The United States is at a critical crossroads for overhauling the police state, supporting good policing and speaking out over wrong policing, in the face of widespread police abuse, with some of the starker recent examples being the deaths of Michael Brown and Eric Garner, and the recent police tackling of athlete James Blake as the wrong suspect for a non-violent crime. The violence against police and rioting in response of course is unjustified, and invites many police to dig in their heels all the more in an us-versus-them approach to policing, when police are actually a necessary evil that exist to serve the public, and not the other way around, and certainly not for the public to be fearful of and kowtowing to the police.

Everyone has their role to reverse police abuse.

First, fewer police would be needed if our criminal laws were not as over-criminalized as detailed above. Second, fewer police would be needed if fewer crimes were committed, which would be the case after reducing our over-criminalized laws, by people breaking laws less frequently, and by people being more supportive of each other so that fewer people feel so isolated, uncared for, and marginalized that they will commit crimes.

For civilians, police and government, we should heed the good sense of Ram Dass of the need to eliminate the us-versus-them polarities in dealing with police, police suspects and everyone else.
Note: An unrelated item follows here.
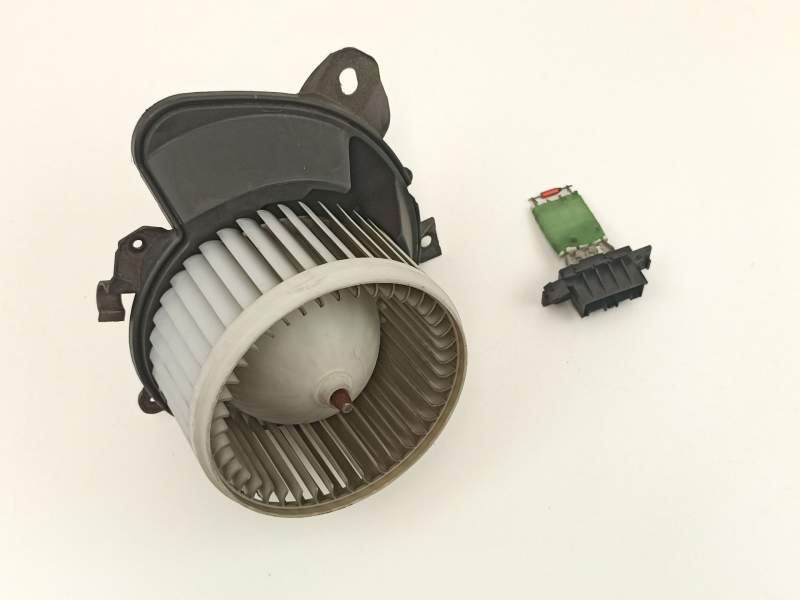 Recambio de motor calefaccion para peugeot bipper tepee basis referencia OEM IAM 6441AN 507730100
We all live together on this small planet and must come together in a real and effective way to make this planet a better place.

Police need to know and remember that power can corrupt, and they must learn how not to abuse nor exceed their power, and to treat people the way the police want to be treated, even when an angry or distraught suspect is not doing the same in dealing with the police.

Civilians need to acknowledge the tension and even fear that many police feel after the flashpoint that Ferguson served for a substantially increased and wide-ranging population of people to speak out against police abuse in the United States, and Ferguson’s flashpoint for more violence against police and public mistrust of police.

Police need to realize that peaceful and effective public outcries against police abuse are essential. Honorable people, whether police or others, want honorable people in their ranks. After Ferguson, we saw some police stand up very publicly against police abuse; more should join those voices.

Police also need to realize that they not only are obligated to follow the Bill of Rights — including its provisions about the right of suspects to remain silence and about limits on police searches and seizures — but that they never should have contempt for the Bill of Rights, nor for the criminal defense and civil lawyers who fight for those rights.

Government needs to realize that too many police are like matches that create forest fires. It is easier to avoid lighting the match in the first place than to try to stop the forest fire.

My above blueprint will only work if enough people accept it and work hard at it. I am in.